You guess? Again, buy a boost gauge or a VAG COM. Then you'll KNOW if the chip is working. And why are you building a head? For a stock turbo on a 2.1, rev'ing to 9K won't help you.


----------



## mbaron (Aug 21, 2008)

jedge1.8t said:


> At the light i burned him pretty bad



I like my car, I don't street race it. If it ends up in a police auction, let me know, I could use some spare parts.


----------



## jason bouchard (Aug 25, 2005)

racing from a roll is stupid, our cars are best from a stop anyway. I ran completely stock about a week after i bought it at 14.2 with a 2.0 60' @ englishtown TRACK maybe you need some practice ?

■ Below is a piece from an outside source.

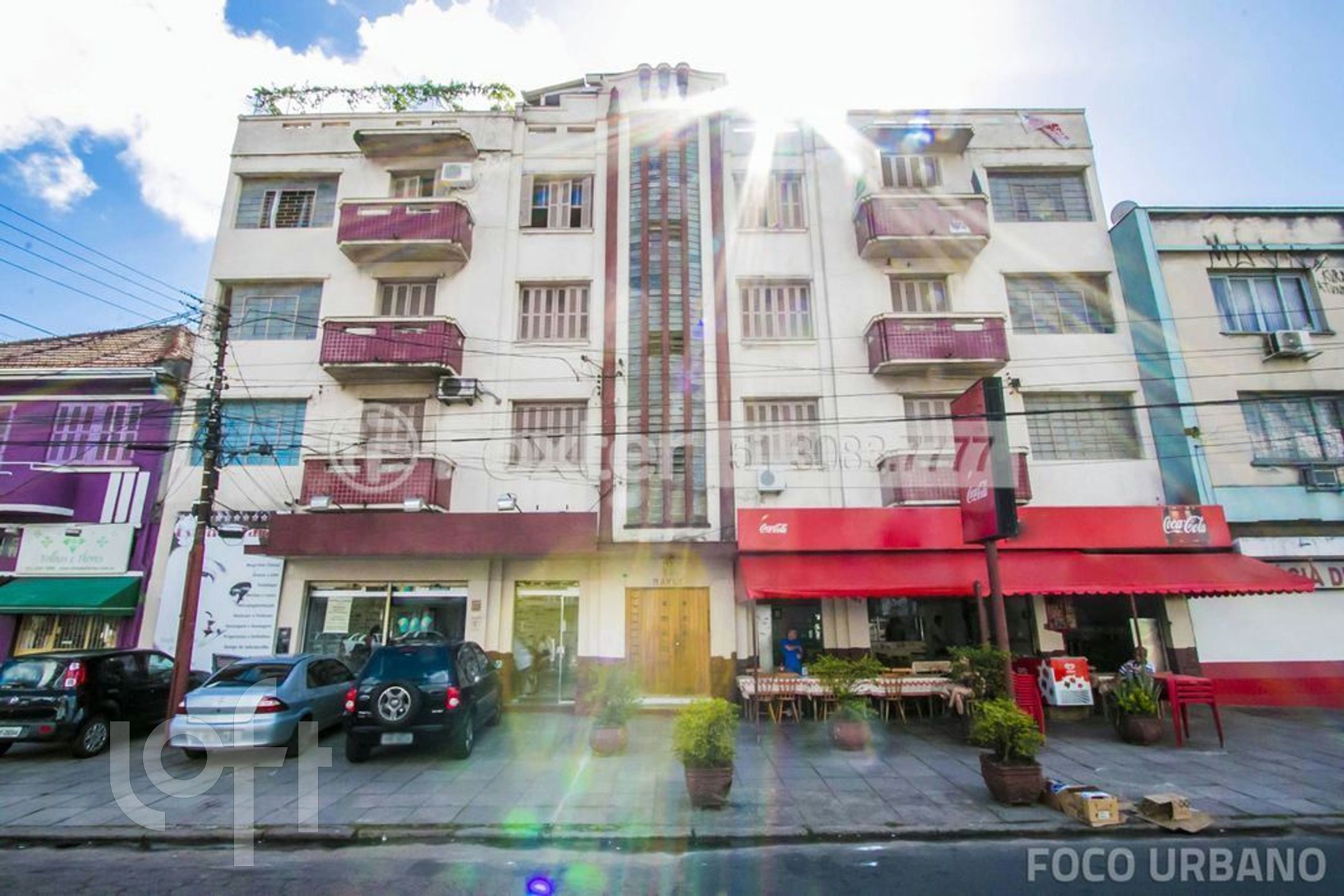 Imagem da propriedade 24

even if he did beat you . . . its still a Civic


----------



## mbaron (Aug 21, 2008)

jason bouchard said:


> racing from a roll is stupid, our cars are best from a stop anyway.

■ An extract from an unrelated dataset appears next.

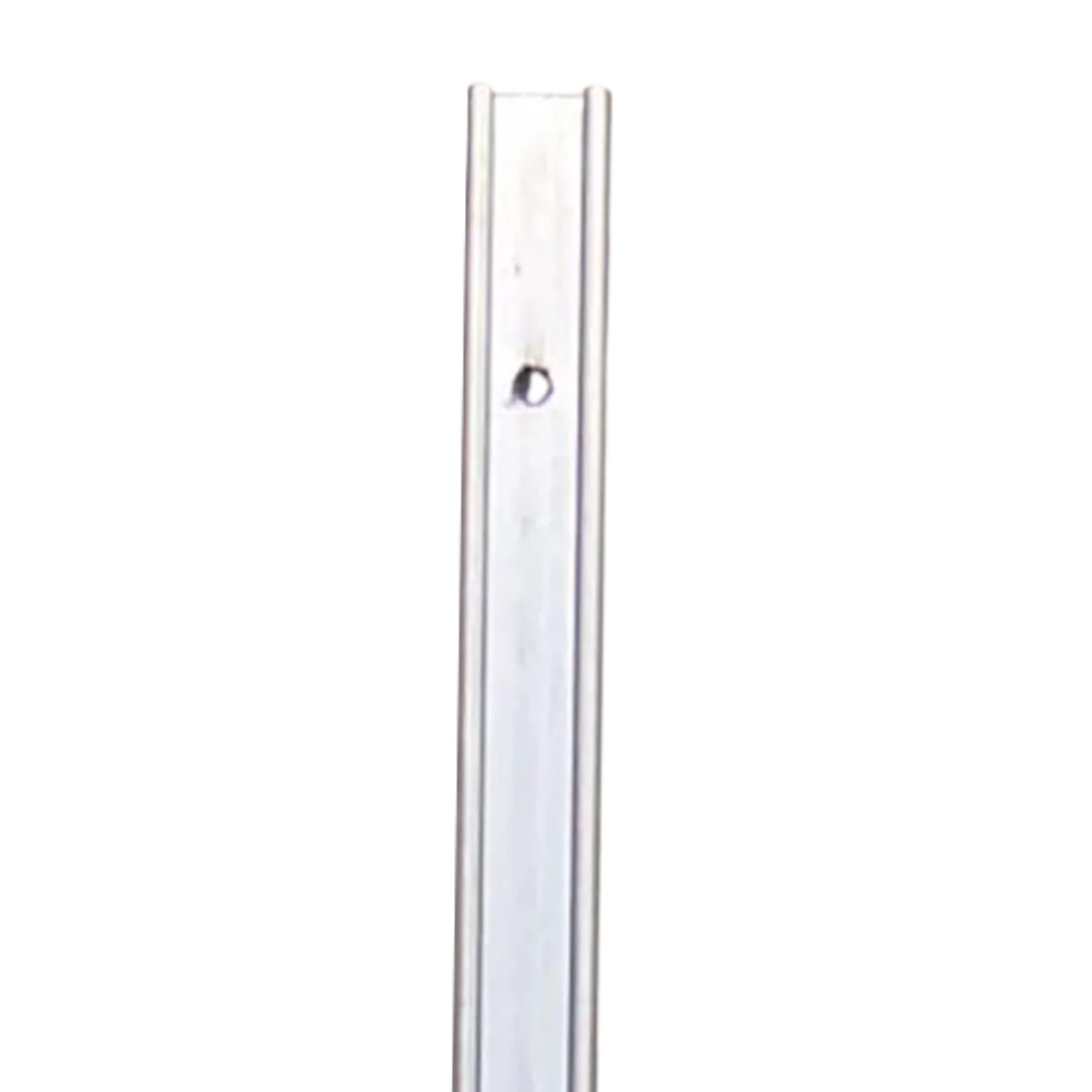 Maksiwa BMS.1600.IR (1 GEN) Saw Rip Fence Measuring Tape Assembly, (SPMAK-BMS16-04) - Image 2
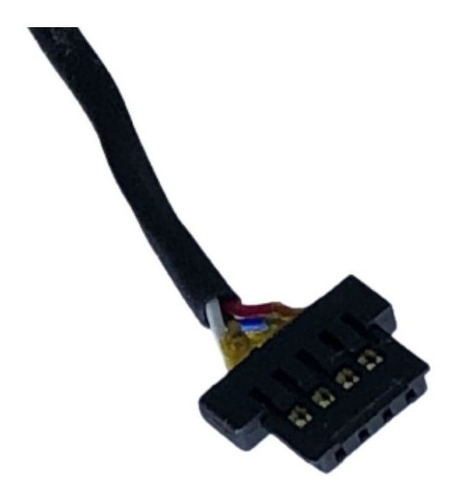 Tela Com Moldura Para Notebook Sti Aurex 18,4 Is1807 1807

Wouldn't a rolling start mean that the turbo is already spooling (if driven correctly) and that would give you an advantage over a standing start where there is no load on the turbo? I am genuinely asking this because that is what I always thought, not trying to be a dick, like in my last post.


----------



## 20v master (May 7, 2009)

mbaron said:


> Wouldn't a rolling start mean that the turbo is already spooling (if driven correctly) and that would give you an advantage over a standing start where there is no load on the turbo? I am genuinely asking this because that is what I always thought, not trying to be a dick, like in my last post.


It's not spooled until you're making target boost. It gets there a lot quicker if the rpms are at 3K when you go WOT than if you're at idle though.


----------



## jedge1.8t (Jan 27, 2012)

plugs and vag-log are my plans today.

im building a 2.1 stroker with a BT, running E85

right now I got the top half of the engine, mounts, E85 steel fuel lines and fuel pump.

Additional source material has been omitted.